The teams each score a run in the fourth (sac fly for Licey, Ramon Hernandez homer for the Caracas Leones), before things get serious in the sixth inning. Scoring aside, the memorable part of this game is the defensive play. Pigpen makes a great stab into foul territory for a looping line drive. Anderson Hernandez, who's probably my favorite player of the tournament, makes a great backhand play. The Venezuelan leftfielder, Javier Herrera, makes a beautiful diving play in foul territory, into the bullpen dirt.

But the defense breaks down in the sixth inning, when Timo Perez helps Venezuela tie the game. First he flubs a leadoff base hit by Marcos Scutaro, allowing Scutaro to go to second. A couple of outs later, Jose Valverde replaces Juan Cruz. He proceeds to hit his first batter, Hernandez, and then there's a line drive to straightaway right field. For some reason, Timo! appears to be playing on the warning track against a righthanded hitter, he charges in, dives...and the ball skips past him for a triple. Scutaro and Hernandez score, tie game.

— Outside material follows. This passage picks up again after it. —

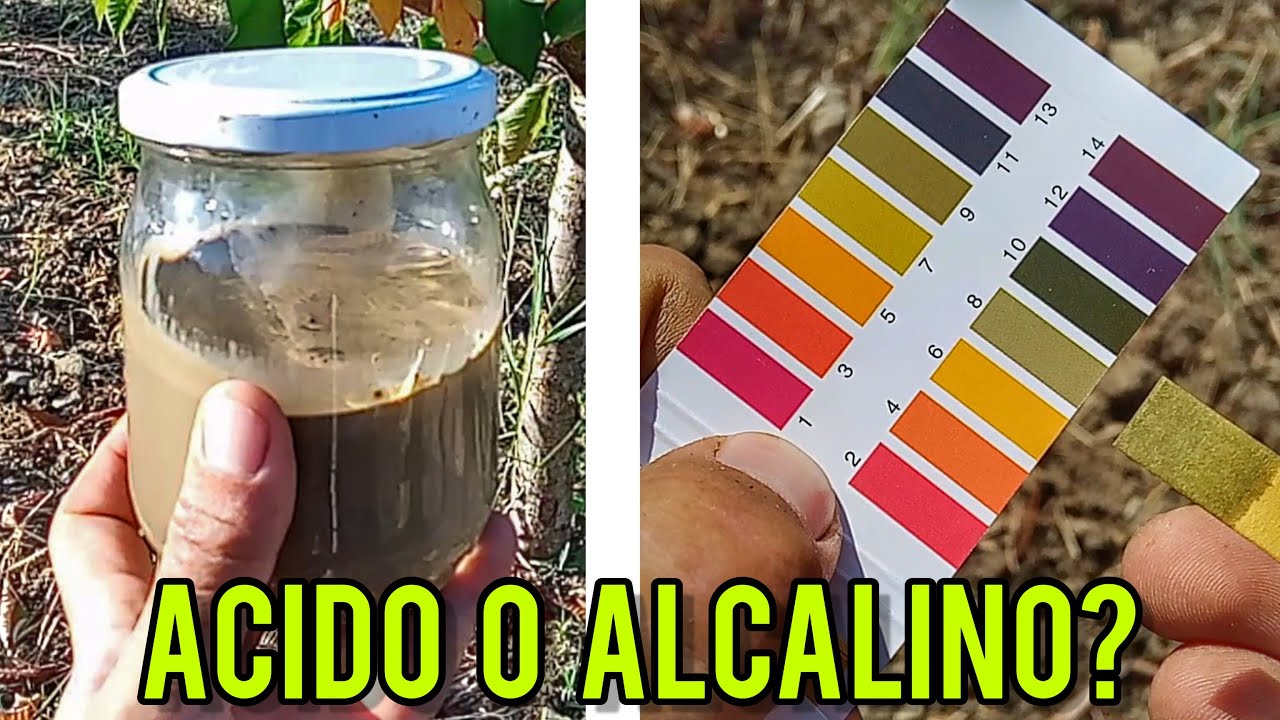 Misura il pH del tuo terreno con meno di 5 euro! [GUIDA COMPLETA]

I now hate Timo! almost as much as I hate the Caracas brass band song.

Following the end of the sixth, there's some sort of bizarre delay in getting to the next inning. For a while, the screen is frozen on a long shot of the stadium in Maracay, while Sample continues to talk, Leyritz continues to mutter incomprehensively, and the song continues to play, on continuous loop: TaaaDaaa tadatadatada TaaDaa TaaDaaa!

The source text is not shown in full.